Kural koyucuların keyfî kurallar koyamaması, bir takım kaidelere uygun işlemler tesis etmelerinin zorunlu olması ve sadece kuralların uygulandığı kişilerin değil, kural koyucuların kendilerinin de kaidelere bağlı ve uygun hareket etmelerini ifade eden hukuk devletinin unsurlarından birisi de, kazanılmış hak ilkesinin varlığının kabul edilmesi ve bu ilkeye uygun hareket edilmesi gerekliliğidir. Fuzuli şagil, başta işyeri açma ve çalıştırma ruhsatı ile ecrimisil ödediği yıllar itibariyle ruhsat hukuku açısından kazanılmış haklarının olduğunu savunabilecek olup, kendi hile yada hatasının olmadığı bir süreçte, ödediği ecrimisilin dikkate alınmasını talep edecektir.
Öte yandan, kazanılmış ha bir yana işgal uzun yıllar sürüyorsa haklı beklenti ilkesi gündeme gelebilecektir.

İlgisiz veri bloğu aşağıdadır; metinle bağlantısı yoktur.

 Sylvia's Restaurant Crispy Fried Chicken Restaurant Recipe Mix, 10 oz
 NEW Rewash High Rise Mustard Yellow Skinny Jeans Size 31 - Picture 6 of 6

Anayasa Mahkemesinin birçok kararında belirtildiği üzere, bir beklentinin hukuken koruma görebilmesinin ön koşullarından biri beklentinin haklı (meşru) beklenti seviyesine ulaşmasıdır. Danıştay’a göre; “İdarenin ister düzenleyici işlem, ister bir taahhüt, isterse uzun süren bir uygulamasına güvenerek olsun, bireylerin çıkarlarına ya da lehlerine olan bir sonuca ulaşabileceklerini ümit etmelerine “haklı beklenti” (Danıştay İdari Dava Daireler Kurulu, 2015/1134 Esas sayılı Kararı) denilmektedir. Haklı beklenti, mevzuatta öngörülemez bir değişiklik yapılmadığı takdirde kazanılacağına dair objektif ve kamu yararının aksini gerekli kılmadığı hallerde korunmuş olan güvenceyi içeren bir beklentidir ve hukukun genel ilkesi olarak görülmektedir.Fuzuli şagil de ecrimisil bedellerini düzenli ödemiş ve ruhsat hukuku yönüyle sıkıntı yaşamamış ise haklı beklenti ilkesine dayanarak işgalin devamını talep edebilecektir.

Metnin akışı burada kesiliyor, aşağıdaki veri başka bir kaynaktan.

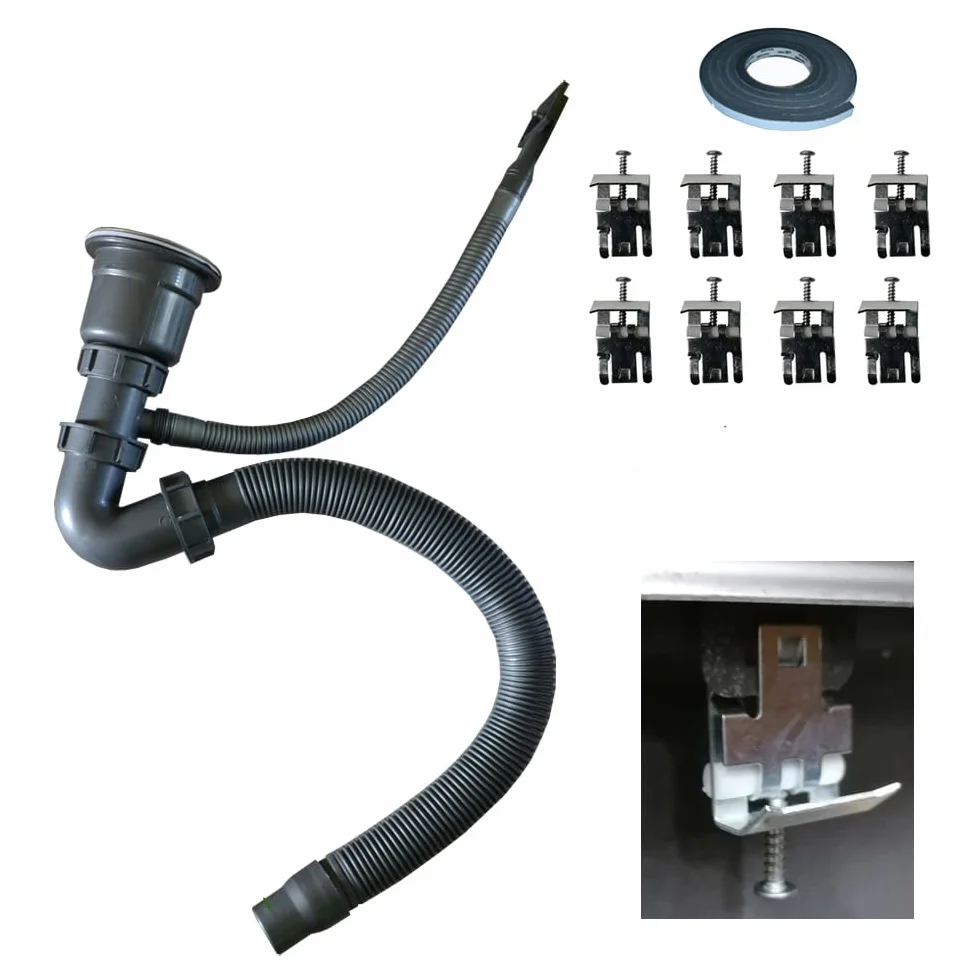 100x50, Küchenspüle, Edelstahl 304 Materialdicke 0,8 mm,Spülbecken,Spüle, Einbauspüle,eckig 1 Becken, XXL Becken 50x40cm (Ablagefläche links)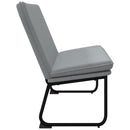 vidaXL világosszürke szövet pad 100 x 75 x 76 cm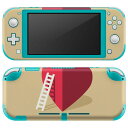 igsticker Nintendo Switch Lite 専用 デザインスキンシール 全面 ニンテンドー スイッチ ライト 専用 ゲーム機 カバー アクセサリー フィルム ステッカー エアフリー 007141 ハート 文字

Tahliyeye yönelik işlemler için Milli Emlak Müdürlüklerince Valilik yada kaymakamlıklara yazı yazılmakta, mülki amirler tarafından da kolluk kuvvetlerine yazı yazılarak tahliye işleminin sağlanması istenilmektedir. Bu usule dikkate edilmeden yapılan tahliye işlemi Kanuna aykırı olup, öncelikle tahliyenin mülki amir eliyle yaptırılması gerekmektedir.
Özellikle tahliye işlemlerine ilişkin davalarda yürütmeyi durdurma talep edilmesi gerekmekte olup, yürütmenin durdurulması “Hukuka aykırılık iddiası ile iptal davasına konu olan bir idari işlem hakkında yetkili yargı yerinin ‘kanunilik karinesi’ni geçici olarak askıya alması, ‘durdurması’dır. İdari işlemin uygulanması hâlinde telafisi güç veya imkânsız zararların doğması ve idari işlemin açıkça hukuka aykırı olması şartlarının birlikte gerçekleşmesi durumunda yürütmenin durdurulmasına karar verebilmektedir. Telafisi güç veya imkânsız zarardan anlaşılması gereken, eski hâlin geri gelmesini mümkün kılmayacak durumlardır.Yürütmeyi durdurma kararı ile taşınmazın/işyerinin tahliyesinin durdurulması ile davanın esastan görüşülmesi amaçlanmaktadır.